Zrób strace
z tail -f
, to wszystko wyjaśnia. Interesująca część:
13791 fstat(3, {st_mode=S_IFREG|0644, st_size=139, ...}) = 0
13791 fstatfs(3, {...}) = 0
13791 inotify_init() = 4
13791 inotify_add_watch(4, "/path/to/file", IN_MODIFY|IN_ATTRIB|IN_DELETE_SELF|IN_MOVE_SELF) = 1
13791 fstat(3, {st_mode=S_IFREG|0644, st_size=139, ...}) = 0
13791 read(4, 0xd981c0, 26) = -1 EINTR (Interrupted system call)
Co to robi? Ustawia inotify
moduł obsługi pliku, a następnie czeka, aż coś się stanie z tym plikiem. Jeśli jądro mówi tail
przez ten moduł obsługi inotify, że plik zmienił się (normalnie został dołączony), to tail
1) szuka 2) odczytuje zmiany 3) zapisuje je na ekranie.
/proc/3844/fd/1
w twoim systemie jest dowiązanie symboliczne /dev/pts/14
, które jest urządzeniem znakowym. Nie ma czegoś takiego jak „mapa pamięci”, do której można uzyskać dostęp. Tak więc nie ma nic, którego zmiany mogłyby zostać podpisane w inotify, ponieważ nie ma obszaru dysku ani pamięci, do którego można by uzyskać dostęp.

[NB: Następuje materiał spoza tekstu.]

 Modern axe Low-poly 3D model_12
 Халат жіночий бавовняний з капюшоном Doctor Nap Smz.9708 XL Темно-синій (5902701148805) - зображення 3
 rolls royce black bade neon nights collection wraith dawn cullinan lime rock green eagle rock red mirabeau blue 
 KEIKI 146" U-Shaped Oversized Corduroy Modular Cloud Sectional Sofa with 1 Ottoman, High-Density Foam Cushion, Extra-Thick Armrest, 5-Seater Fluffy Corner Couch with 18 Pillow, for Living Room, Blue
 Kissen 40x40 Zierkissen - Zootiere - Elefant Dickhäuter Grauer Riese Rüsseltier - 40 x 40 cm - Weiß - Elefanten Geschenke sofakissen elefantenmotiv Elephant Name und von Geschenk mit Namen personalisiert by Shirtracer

To urządzenie postaci jest wirtualnym terminalem, który praktycznie działa tak, jakby był gniazdem sieciowym. Programy działające na tym wirtualnym terminalu łączą się z tym urządzeniem (tak jakbyś telnet-ted do portu tcp) i zapisywał, w co chcą pisać. Są też rzeczy bardziej złożone, na przykład blokowanie ekranu, sekwencje kontrolne terminali i takie są zwykle obsługiwane przez ioctl()
połączenia.
Myślę, że chcesz jakoś obejrzeć wirtualny terminal. Można to zrobić na Linuksie, ale nie jest to takie proste, wymaga trochę funkcji sieciowych proxy i nieco trudnego użycia tych ioctl()
wywołań. Ale istnieją narzędzia, które mogą to zrobić.

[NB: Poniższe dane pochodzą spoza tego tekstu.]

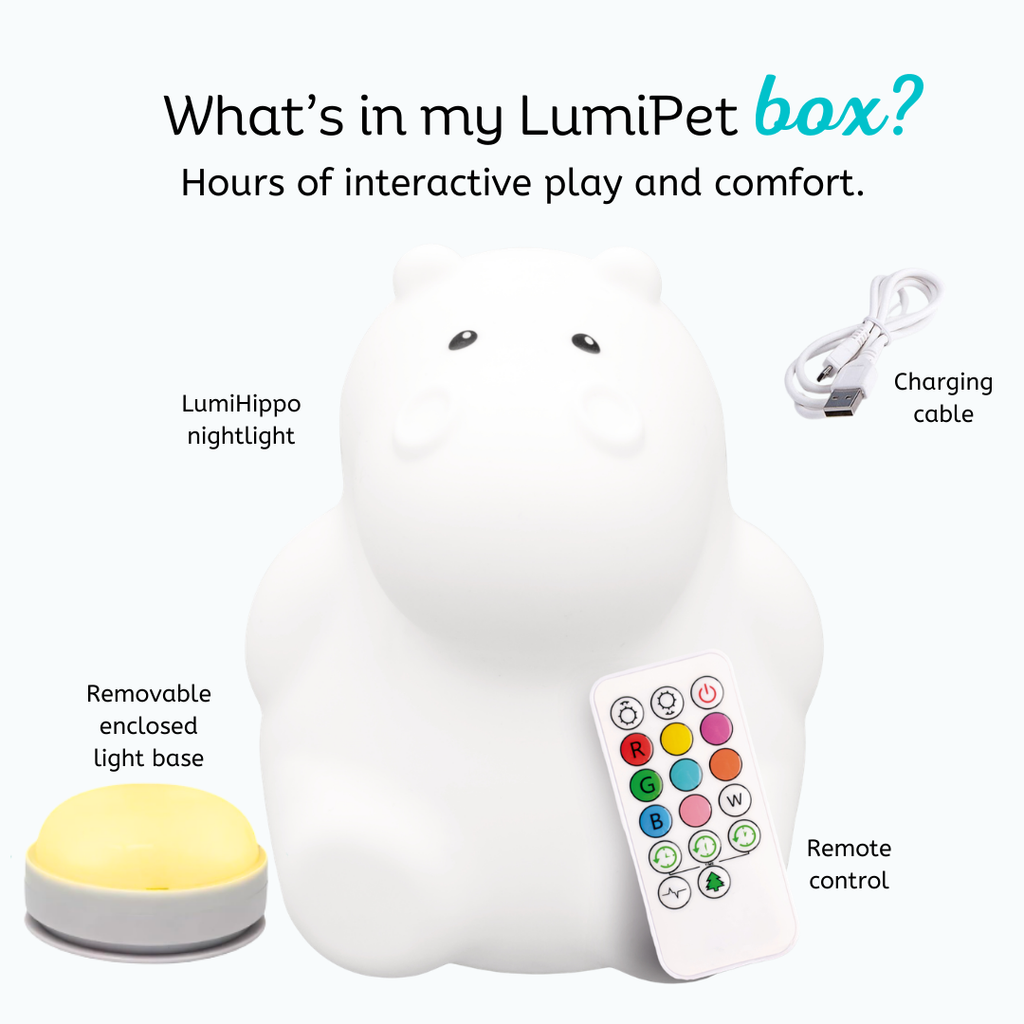 LumiPets Honey hippo touch night light with removable base, remote, and charging cable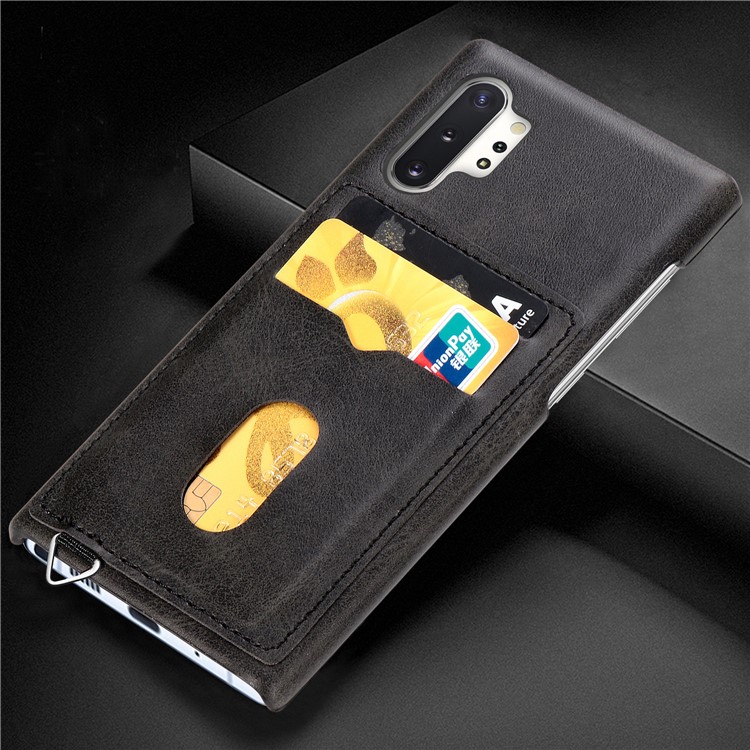 Simple Style Card Holder PU Leather Coated PC Back Case for Samsung Galaxy Note 10 Plus / Note 10 Plus 5G - Black-6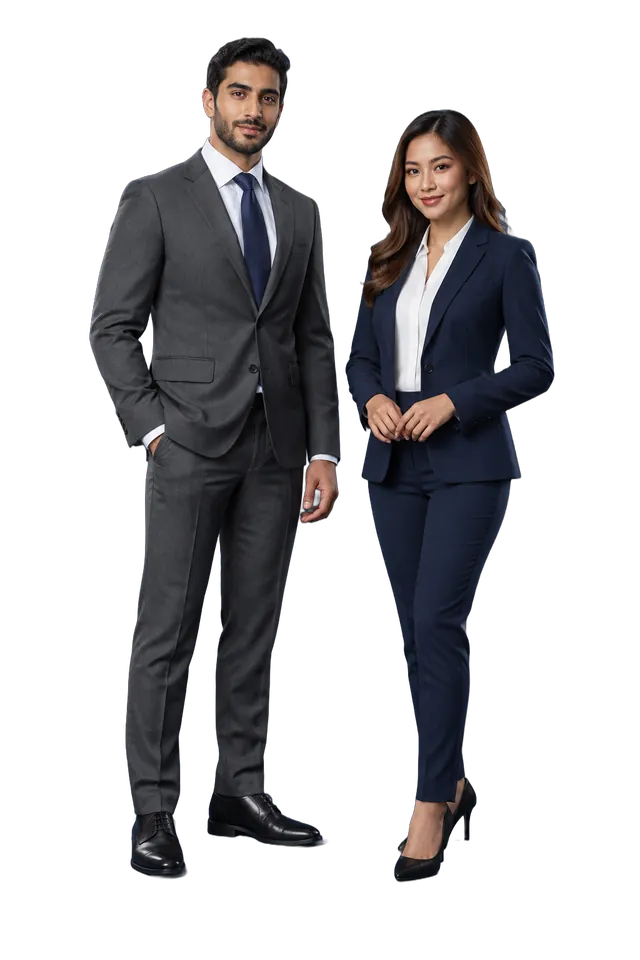 Studio photo: a charcoal suit and a navy blazer with white shirts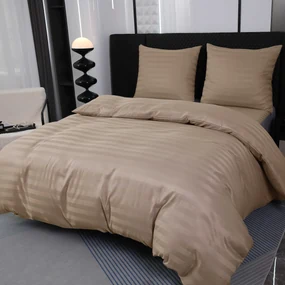 Hotelové obliečky z mikrovlákna JASMINE béžové - prúžok 2 cm, hotelové obálkové zapínanie Rozmer obliečky: 2 ks 70 x 90 cm | 200 x 220 cm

Obecnie nie pamiętam, który pakiet debian ma narzędzie do tego celu, ale przy odrobinie googlingu można to łatwo znaleźć.
Rozszerzenie: jak wspomniano tutaj @Jajesh (daj mu +1, jeśli mi dałeś), nazwa narzędzia watch
.
Rozszerzenie nr 2: wspomniane @kelnos, cat /dev/pts/14
wystarczyło również proste . Próbowałem tego i tak, zadziałało, ale nie poprawnie. Nie eksperymentowałem z tym dużo, ale wydaje mi się, że dane wyjściowe przesyłane do tego wirtualnego terminala trafiły albo do cat
polecenia, albo do jego pierwotnej lokalizacji, i nigdy do obu. Ale nie jest to pewne.